_How to complete this task_
Reproduce, please, only the lines from the first line below to the line containing "Foto del edificio - 733 Carpenter St", inclusive.

_Listed records_

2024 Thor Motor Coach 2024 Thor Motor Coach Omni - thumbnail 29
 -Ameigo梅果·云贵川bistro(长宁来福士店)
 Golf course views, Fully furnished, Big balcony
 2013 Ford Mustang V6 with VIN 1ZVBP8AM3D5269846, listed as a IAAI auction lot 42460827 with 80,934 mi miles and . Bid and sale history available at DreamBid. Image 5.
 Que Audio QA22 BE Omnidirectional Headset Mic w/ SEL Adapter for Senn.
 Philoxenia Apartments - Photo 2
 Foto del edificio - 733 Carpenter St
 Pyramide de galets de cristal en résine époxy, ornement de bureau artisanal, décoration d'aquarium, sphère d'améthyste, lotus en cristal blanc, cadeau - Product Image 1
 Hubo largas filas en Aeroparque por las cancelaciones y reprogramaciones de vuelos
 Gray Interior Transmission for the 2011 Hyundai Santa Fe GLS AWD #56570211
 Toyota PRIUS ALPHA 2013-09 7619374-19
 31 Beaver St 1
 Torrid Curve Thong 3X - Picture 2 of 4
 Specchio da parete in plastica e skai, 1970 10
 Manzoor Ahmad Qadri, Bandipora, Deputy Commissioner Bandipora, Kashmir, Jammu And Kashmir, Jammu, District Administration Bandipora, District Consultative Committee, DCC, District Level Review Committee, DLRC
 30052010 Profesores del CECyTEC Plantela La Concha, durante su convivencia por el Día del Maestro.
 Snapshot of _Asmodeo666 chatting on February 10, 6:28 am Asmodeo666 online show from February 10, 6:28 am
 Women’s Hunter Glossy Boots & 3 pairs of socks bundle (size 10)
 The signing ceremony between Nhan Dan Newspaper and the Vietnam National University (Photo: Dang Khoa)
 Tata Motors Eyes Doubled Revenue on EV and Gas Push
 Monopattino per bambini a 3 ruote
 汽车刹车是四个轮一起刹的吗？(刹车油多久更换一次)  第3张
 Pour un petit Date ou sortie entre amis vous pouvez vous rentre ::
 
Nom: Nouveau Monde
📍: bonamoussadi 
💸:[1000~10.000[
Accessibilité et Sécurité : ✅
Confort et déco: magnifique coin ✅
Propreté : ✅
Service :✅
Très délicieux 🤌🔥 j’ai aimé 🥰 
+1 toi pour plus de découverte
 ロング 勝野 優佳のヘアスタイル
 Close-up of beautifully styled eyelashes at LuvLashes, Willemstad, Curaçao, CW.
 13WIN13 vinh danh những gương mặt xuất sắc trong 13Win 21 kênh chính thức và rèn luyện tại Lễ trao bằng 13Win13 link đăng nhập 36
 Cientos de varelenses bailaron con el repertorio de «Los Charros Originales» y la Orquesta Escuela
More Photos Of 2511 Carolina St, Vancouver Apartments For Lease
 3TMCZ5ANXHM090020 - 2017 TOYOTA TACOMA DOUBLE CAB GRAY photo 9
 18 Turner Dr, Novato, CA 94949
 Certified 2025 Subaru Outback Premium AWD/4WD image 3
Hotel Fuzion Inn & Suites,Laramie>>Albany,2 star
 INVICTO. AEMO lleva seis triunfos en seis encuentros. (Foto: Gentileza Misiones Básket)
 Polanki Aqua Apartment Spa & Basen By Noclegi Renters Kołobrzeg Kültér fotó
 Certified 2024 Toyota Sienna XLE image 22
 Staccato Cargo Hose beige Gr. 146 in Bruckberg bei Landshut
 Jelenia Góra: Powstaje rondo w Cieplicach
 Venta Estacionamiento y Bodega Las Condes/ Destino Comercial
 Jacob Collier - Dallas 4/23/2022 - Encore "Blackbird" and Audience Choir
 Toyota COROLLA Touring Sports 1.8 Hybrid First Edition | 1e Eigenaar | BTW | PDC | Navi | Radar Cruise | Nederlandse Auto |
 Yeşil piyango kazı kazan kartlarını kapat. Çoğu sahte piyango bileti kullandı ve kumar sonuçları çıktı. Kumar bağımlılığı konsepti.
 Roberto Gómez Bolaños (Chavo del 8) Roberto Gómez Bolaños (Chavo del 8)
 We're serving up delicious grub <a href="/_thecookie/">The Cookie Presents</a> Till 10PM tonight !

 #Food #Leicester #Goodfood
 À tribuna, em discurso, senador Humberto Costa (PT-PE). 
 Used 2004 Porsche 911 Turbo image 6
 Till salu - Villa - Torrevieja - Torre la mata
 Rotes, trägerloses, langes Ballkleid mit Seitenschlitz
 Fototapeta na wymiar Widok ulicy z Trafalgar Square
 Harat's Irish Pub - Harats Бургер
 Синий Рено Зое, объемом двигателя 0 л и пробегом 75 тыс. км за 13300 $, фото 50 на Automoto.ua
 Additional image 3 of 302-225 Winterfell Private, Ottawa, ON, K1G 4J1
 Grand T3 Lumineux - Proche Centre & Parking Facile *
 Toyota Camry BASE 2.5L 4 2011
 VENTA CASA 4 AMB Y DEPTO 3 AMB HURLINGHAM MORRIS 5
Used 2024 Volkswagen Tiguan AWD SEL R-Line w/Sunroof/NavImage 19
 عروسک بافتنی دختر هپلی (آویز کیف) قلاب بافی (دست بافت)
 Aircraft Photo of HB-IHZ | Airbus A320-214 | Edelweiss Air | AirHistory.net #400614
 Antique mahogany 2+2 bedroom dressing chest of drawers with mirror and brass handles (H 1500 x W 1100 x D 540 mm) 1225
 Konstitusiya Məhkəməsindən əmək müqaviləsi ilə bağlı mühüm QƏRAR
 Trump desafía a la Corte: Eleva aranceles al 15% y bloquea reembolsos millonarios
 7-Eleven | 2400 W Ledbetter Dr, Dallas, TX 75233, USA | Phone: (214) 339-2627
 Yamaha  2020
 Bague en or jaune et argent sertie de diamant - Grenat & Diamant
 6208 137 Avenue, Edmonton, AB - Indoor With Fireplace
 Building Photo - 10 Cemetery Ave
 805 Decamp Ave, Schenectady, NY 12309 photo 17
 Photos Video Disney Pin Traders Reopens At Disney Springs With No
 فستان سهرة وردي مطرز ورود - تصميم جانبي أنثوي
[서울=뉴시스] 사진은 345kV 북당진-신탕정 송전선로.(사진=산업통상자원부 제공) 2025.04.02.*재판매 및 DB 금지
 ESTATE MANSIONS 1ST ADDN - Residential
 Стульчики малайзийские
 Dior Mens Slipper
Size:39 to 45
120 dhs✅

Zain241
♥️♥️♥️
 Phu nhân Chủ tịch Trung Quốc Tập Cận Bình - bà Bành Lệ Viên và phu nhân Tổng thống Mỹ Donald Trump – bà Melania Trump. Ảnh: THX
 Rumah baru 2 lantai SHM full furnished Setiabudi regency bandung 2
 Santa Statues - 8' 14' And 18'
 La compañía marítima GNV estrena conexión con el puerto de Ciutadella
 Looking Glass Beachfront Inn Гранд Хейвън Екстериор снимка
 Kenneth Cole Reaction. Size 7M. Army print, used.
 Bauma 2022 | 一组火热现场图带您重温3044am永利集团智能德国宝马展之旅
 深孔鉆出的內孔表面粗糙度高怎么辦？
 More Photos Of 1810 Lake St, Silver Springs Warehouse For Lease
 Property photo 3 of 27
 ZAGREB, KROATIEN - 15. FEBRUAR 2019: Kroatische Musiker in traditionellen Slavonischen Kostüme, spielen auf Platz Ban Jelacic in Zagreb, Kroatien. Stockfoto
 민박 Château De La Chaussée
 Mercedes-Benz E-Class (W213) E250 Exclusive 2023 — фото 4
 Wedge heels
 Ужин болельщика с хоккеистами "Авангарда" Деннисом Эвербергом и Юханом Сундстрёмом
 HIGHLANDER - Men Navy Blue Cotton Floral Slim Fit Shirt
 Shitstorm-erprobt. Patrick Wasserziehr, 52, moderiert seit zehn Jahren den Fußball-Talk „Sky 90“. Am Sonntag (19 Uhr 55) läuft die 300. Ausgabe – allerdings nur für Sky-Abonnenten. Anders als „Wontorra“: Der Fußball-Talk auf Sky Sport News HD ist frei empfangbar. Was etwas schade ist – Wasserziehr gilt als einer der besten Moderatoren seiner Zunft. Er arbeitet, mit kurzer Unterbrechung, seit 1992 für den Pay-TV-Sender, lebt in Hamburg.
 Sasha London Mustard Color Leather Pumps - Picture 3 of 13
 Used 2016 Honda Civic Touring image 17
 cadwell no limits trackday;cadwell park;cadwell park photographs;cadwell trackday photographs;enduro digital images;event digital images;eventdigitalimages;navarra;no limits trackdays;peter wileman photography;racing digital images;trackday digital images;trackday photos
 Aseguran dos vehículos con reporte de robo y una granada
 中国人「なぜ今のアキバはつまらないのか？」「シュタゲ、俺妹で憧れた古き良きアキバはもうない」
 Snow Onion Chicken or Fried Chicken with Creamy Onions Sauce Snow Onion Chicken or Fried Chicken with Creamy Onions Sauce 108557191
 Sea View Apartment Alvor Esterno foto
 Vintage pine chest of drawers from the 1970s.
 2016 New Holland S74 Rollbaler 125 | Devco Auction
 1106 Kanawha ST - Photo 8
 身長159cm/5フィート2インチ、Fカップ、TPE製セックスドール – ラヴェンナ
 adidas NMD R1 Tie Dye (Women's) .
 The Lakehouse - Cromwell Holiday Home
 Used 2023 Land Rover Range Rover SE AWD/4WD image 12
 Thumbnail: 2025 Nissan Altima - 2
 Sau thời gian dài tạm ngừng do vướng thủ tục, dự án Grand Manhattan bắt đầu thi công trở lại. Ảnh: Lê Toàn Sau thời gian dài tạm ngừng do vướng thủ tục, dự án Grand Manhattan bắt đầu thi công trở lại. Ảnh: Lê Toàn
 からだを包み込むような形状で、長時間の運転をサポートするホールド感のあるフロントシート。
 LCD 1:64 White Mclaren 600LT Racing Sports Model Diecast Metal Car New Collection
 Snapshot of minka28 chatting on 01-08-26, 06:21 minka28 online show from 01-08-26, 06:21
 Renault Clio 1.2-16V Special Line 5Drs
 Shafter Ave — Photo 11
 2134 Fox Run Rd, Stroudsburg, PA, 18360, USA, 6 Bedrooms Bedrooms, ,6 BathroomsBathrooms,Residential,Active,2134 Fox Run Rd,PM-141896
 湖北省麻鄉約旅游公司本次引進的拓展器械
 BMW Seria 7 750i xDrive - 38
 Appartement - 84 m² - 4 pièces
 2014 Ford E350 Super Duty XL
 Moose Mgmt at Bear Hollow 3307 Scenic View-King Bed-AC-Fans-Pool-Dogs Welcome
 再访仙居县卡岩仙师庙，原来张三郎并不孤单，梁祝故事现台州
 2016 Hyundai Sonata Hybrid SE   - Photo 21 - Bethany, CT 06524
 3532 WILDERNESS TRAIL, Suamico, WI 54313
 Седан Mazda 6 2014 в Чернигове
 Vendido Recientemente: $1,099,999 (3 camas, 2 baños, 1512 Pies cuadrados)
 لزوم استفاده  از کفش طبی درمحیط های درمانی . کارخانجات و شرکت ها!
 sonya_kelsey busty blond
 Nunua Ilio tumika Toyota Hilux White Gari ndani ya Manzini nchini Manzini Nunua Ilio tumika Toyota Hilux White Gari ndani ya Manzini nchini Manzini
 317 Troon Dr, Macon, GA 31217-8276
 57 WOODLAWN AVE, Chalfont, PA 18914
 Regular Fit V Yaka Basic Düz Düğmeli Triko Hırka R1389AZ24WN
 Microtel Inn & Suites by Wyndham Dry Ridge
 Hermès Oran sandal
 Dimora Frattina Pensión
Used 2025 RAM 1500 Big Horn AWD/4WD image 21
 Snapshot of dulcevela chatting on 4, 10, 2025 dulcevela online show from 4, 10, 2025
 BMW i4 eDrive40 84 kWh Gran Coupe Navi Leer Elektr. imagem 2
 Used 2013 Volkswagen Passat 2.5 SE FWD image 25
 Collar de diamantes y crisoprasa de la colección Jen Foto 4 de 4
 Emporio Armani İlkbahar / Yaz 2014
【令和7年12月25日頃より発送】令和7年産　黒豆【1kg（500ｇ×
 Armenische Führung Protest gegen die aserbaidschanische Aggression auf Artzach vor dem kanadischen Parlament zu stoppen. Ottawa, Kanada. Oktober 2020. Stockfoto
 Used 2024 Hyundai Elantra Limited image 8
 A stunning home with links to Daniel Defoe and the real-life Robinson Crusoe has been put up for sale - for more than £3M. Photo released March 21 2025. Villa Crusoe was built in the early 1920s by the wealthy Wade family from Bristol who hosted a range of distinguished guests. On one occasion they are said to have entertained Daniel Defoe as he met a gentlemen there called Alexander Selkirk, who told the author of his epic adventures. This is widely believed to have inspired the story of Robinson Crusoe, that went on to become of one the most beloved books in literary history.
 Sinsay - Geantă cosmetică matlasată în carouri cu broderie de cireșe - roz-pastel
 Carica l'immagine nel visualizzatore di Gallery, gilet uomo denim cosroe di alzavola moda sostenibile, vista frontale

_Task solution_
2024 Thor Motor Coach 2024 Thor Motor Coach Omni - thumbnail 29
 -Ameigo梅果·云贵川bistro(长宁来福士店)
 Golf course views, Fully furnished, Big balcony
 2013 Ford Mustang V6 with VIN 1ZVBP8AM3D5269846, listed as a IAAI auction lot 42460827 with 80,934 mi miles and . Bid and sale history available at DreamBid. Image 5.
 Que Audio QA22 BE Omnidirectional Headset Mic w/ SEL Adapter for Senn.
 Philoxenia Apartments - Photo 2
 Foto del edificio - 733 Carpenter St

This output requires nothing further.